El infante don Felipe sonrió, remota su hermosa mirada.

– Se hará como deseéis -dijo.

No era una cuestión casual. Desde que, unos días antes, lo había elegido entre sus hermanos, me había aplicado, como mi madre me enseñó, en complacer a mi marido de todas las maneras posibles.

Había indagado con toda la discreción a mi alcance acerca de sus aficiones y sus gustos: ¿de qué color prefería vestidas a las damas? ¿A qué otras había distinguido con su afecto? ¿Qué platos le hacían perder la cabeza?

Por desgracia, mi marido había pertenecido a la Iglesia hasta el mismo momento de nuestro compromiso. Con mucha picardía, las dueñas a las que preguntaba ladeaban la cabeza y me observaban, como gallinas ya viejas.

– No os apuréis. A los hombres que han sido educados para Dios cualquier cosa les basta. A don Felipe todo le parecerá bien.

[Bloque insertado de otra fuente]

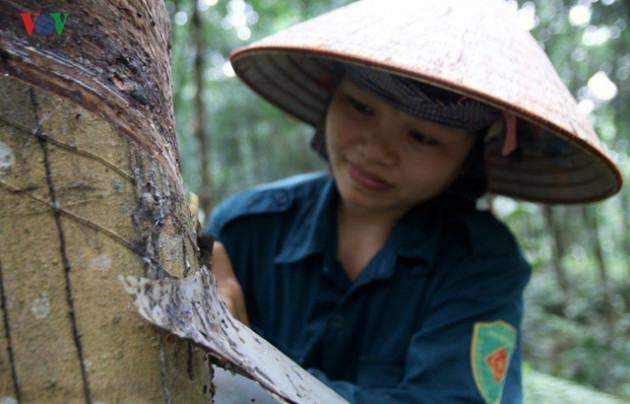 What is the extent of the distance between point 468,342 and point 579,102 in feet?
23.3

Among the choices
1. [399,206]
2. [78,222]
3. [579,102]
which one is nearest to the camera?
[78,222]

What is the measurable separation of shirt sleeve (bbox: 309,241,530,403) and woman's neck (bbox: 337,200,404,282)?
0.27 meters

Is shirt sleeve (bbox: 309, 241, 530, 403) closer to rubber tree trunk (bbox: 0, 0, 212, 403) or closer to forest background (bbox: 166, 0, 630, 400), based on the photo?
rubber tree trunk (bbox: 0, 0, 212, 403)

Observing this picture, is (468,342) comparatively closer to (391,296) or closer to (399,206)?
(391,296)

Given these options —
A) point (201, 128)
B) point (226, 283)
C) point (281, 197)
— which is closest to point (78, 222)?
point (226, 283)

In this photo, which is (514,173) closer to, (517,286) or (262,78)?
(517,286)

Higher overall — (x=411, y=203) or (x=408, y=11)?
(x=408, y=11)

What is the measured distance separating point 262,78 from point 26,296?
4.29 ft

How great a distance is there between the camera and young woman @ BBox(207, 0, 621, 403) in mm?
959

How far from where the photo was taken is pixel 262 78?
1.62m

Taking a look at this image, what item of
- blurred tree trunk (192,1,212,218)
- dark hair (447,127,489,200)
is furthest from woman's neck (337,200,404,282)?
blurred tree trunk (192,1,212,218)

En lo referente a las comidas podían orientarme mejor: le gustaba la caza menor, pero únicamente en la mesa, porque despreciaba el desafío que suponía para un buen tirador; el carnero muy especiado; una salsa a la manera mora para mojar el pan; los almendrados, y un refresco hecho con rosas y nieve que se había puesto de moda en la corte.

Para todo lo demás hube de moverme a tientas. Adapté entonces mi carácter a su pasado, agudicé mi piedad, mi humildad, y me dispuse a parir un hijo lo antes posible, para que sirviera como frontera entre su anterior vida y la nueva, y como manera de complacer al rey y asegurarnos su favor.

Se llamaría Fernanda, como el nombre de su padre, muerto en olor de santidad, adorado por todos sus hijos, y también odiado por aquellos de sus vástagos que no habían recibido por igual su amor. María, bajo la invocación de la Santa Madre, como al rey Alfonso le placería, por más que él había mostrado devoción por el nombre de Beatriz. Felipe, para que mi esposo iniciara una saga de hijos fuerte y valerosa. Magno, como mi hermano, y como tantos afamados reyes noruegos de ambas ramas, los birkebeiner y los bagler.

Yo sonreí en la oscuridad, me despojé de la camisa y aguardé, con el cuerpo tenso y las trenzas en la almohada, expuesta desnuda como lo había estado todo el día vestida. Mi marido se inclinó sobre mí, me besó en la frente y luego me dio la espalda.

– Que paséis una buena noche, doña Cristina -me dijo.

Eso fue todo entonces.

Ahora carece de importancia.

Poseen todos los hermanos los mismos ojos azules, heredados de su madre alemana. El rey y los infantes Fadrique, Manuel, Sancho, mi esposo don Felipe, las mujeres, el ausente infante don Enrique… Todos ojigarzos y de espesas pestañas. Dicen que el difunto infante don

Fernando miraba de la misma manera. Algunos de ellos son altos, otros de constitución oscura, una familia dispareja, entretejida con narices llamativas, y a los que la sangre de otros lugares ha hecho bien.

En un principio me resultaba difícil distinguirlos, en especial a los infantes y a los nobles de segunda sangre, y eso me granjeó antipatías que aún perduran. ¡Por Dios que pueden ser orgullosos los castellanos!

– Esta mañana -les decía yo a las dueñas- me crucé con don Manuel, el obispo…

– Señora -me cortaban-, os referís a don Sancho. A don Manuel le mandó el destino a la buena de doña Constanza.

Como si yo no lo supiera. Podía recitar de corrido las relaciones de primeros y segundos matrimonios, los nombres de los hijos muertos al nacer y de los acallados por haberse logrado en amantes, pero ni todo el esfuerzo del estudio hubiera podido mejorar mi memoria. Todos los rostros me parecían similares. Las mujeres, con sus tocas idénticas, salvo la de la reina Violante, aparecían y desaparecían para mi desconcierto, sin un cabello suelto que me permitiera distinguirlas.

– Serás mi hermana -dijo la reina al recibirme, y yo la creí, ingenua.